UFO. Unidentified Future Organizations La normalità si trasforma a contatto con i clienti
Spostiamo il focus. Nell’ecosistema in cambiamento è importante ripartire dalle abitudini nate durante la pandemia, che danno forma a nuovi bisogni dei clienti. E poi dialogare con i territori, per generare nuovi servizi.

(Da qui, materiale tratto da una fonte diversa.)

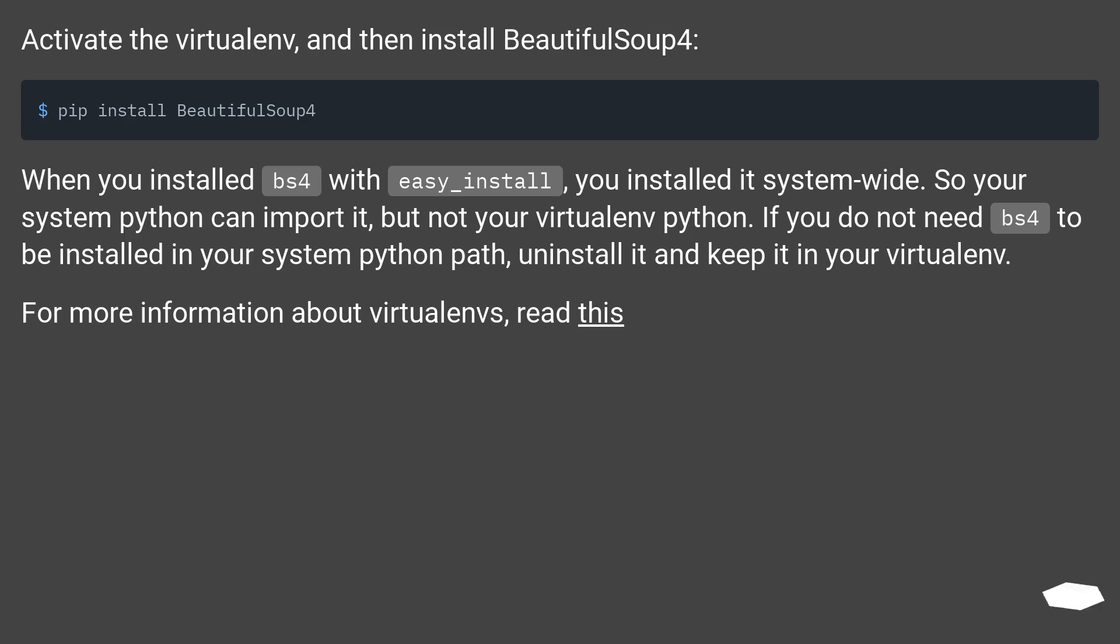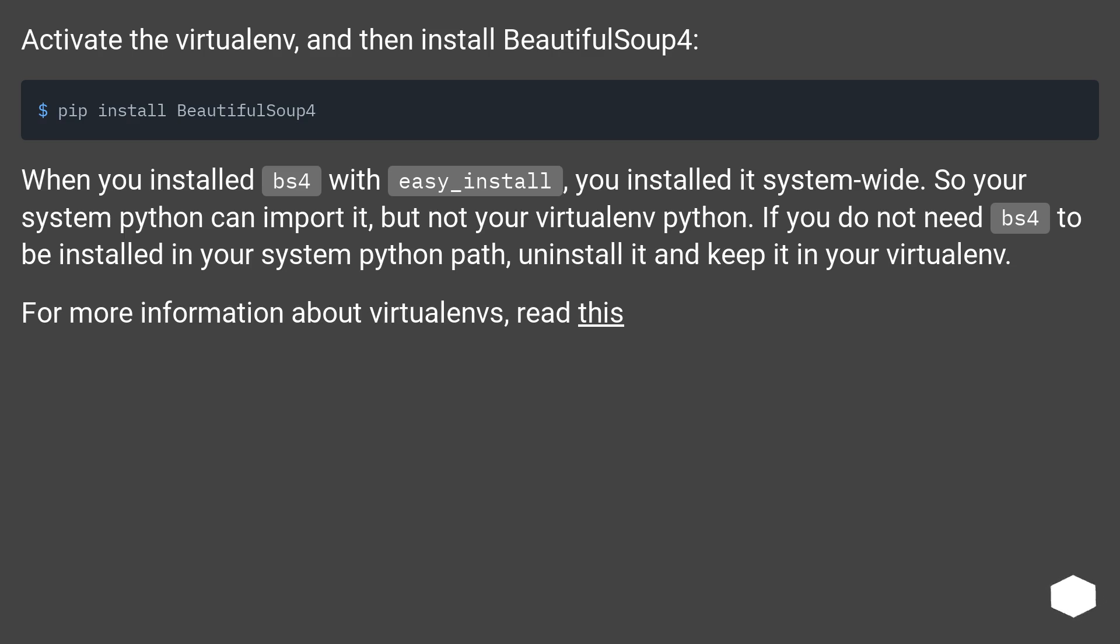Activate the virtualenv, and then install BeautifulSoup4. When you installed bs4 with easy_install, you installed it system-wide. So your system Python can import it, but not your virtualenv Python. If you do not need bs4 to be installed in your system Python path, uninstall it and keep it in your virtualenv.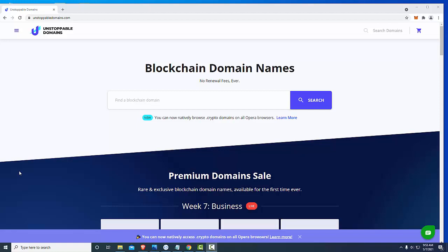Hey guys, in this video I wanted to go over Unstoppable Domains. This is going to be an update video for those of you that are looking to either build a website or update their website.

Prima di guardare alle trasformazioni nel nostro modo di lavorare, è importante una constatazione: sono i clienti a guidare i nostri cambiamenti. Perché non siamo noi, come banca, a decidere quali siano i loro bisogni. Se partiamo da questo punto di vista possiamo comprendere il valore più profondo di ciò che stiamo vivendo e guardare in maniera diversa al futuro di una struttura come la Banca dei Territori di Intesa Sanpaolo.

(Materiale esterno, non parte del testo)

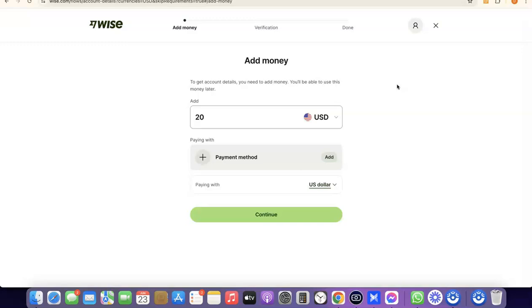So this is basically how you can create your Wise account successfully. If you liked the video, please give it a thumbs up, and if you haven't subscribed to the channel yet, please subscribe so you can get more videos like this. Thanks for watching — I'll see you in the next one.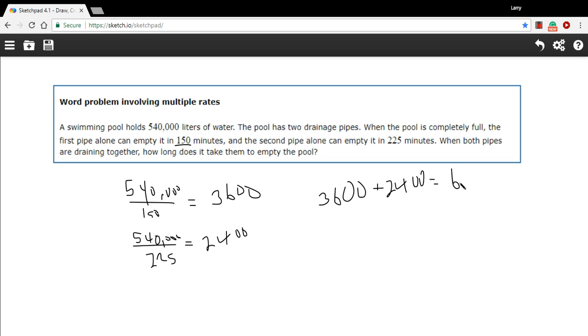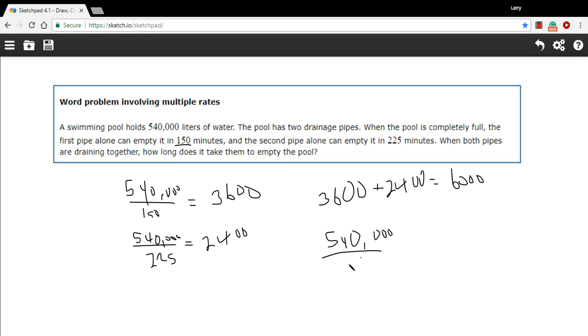So we have 6000 liters per minute going out of the pool. If we want to find out how long that takes, we just divide the total volume here by that 6000. So 540,000 divided by 6000, and that looks to be 90 minutes when you have both pipes open. So that is a little problem with multiple rates.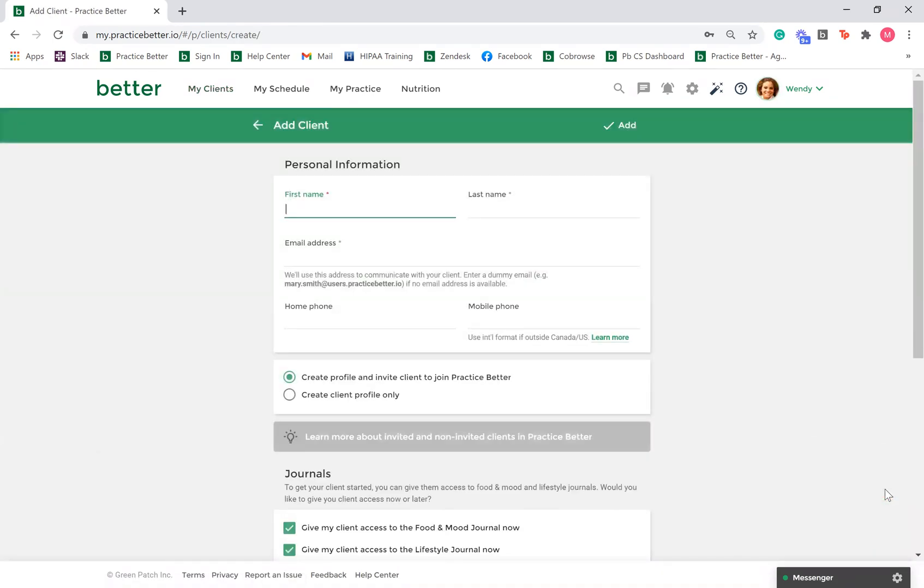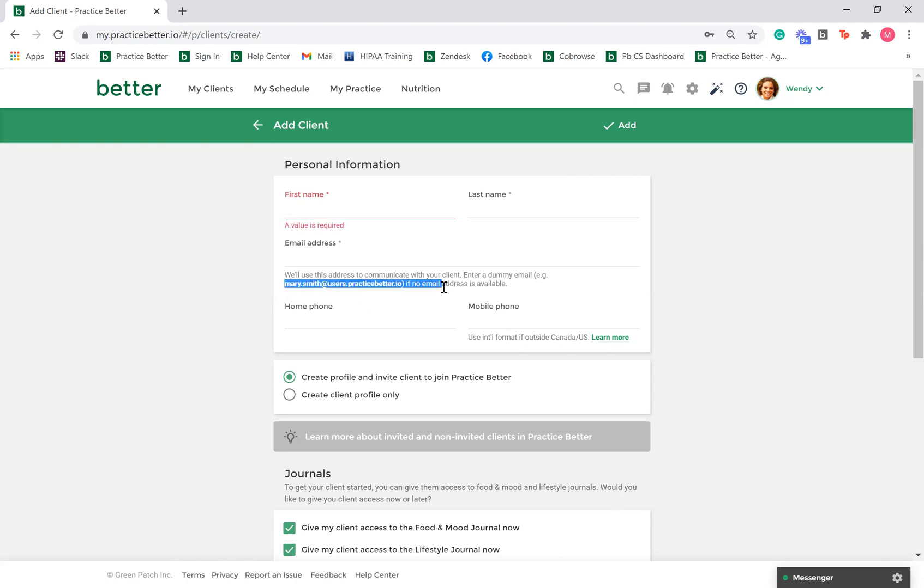Under the Personal Information section, add your client's name and email address. This is required to create a client record. If your client does not have an email address and they do not need access to the Client Portal or need email notifications, you can utilize the Practice Better dummy email format which is shown here.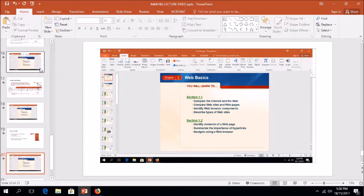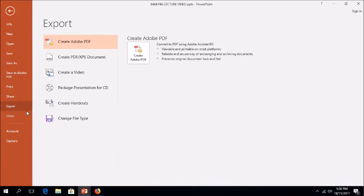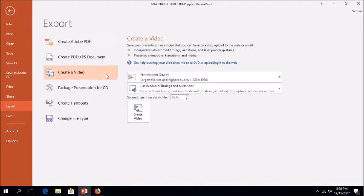To turn your presentation into a video. Step 1: On the File menu, select Save to ensure all your recent work has been saved in PowerPoint presentation format.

Nei quasi due anni di cambiamenti innescati dal Covid-19, le persone sono diventate più accorte e preparate. Per imparare a conoscerle al meglio, non possiamo più permetterci di usare semplificazioni e luoghi comuni che, dopotutto, erano già superati nel vecchio mondo. Sappiamo che i cluster tipici delle passate modalità operative del marketing non esistono più e che gli stereotipi generazionali ci mandano fuori strada. L’accelerazione digitale dell’ultimo periodo ha moltiplicato il numero di tracce lasciate dai clienti quando interagiscono con noi. E così possiamo smascherare tanti falsi miti, per esempio la presunta avversione delle persone anziane alla tecnologia. I dati del nostro osservatorio, quello della Filiale Online del Gruppo Intesa Sanpaolo, indicano nuovi comportamenti, che richiedono di pensare a un modo innovativo di garantire e affinare il nostro livello di servizio.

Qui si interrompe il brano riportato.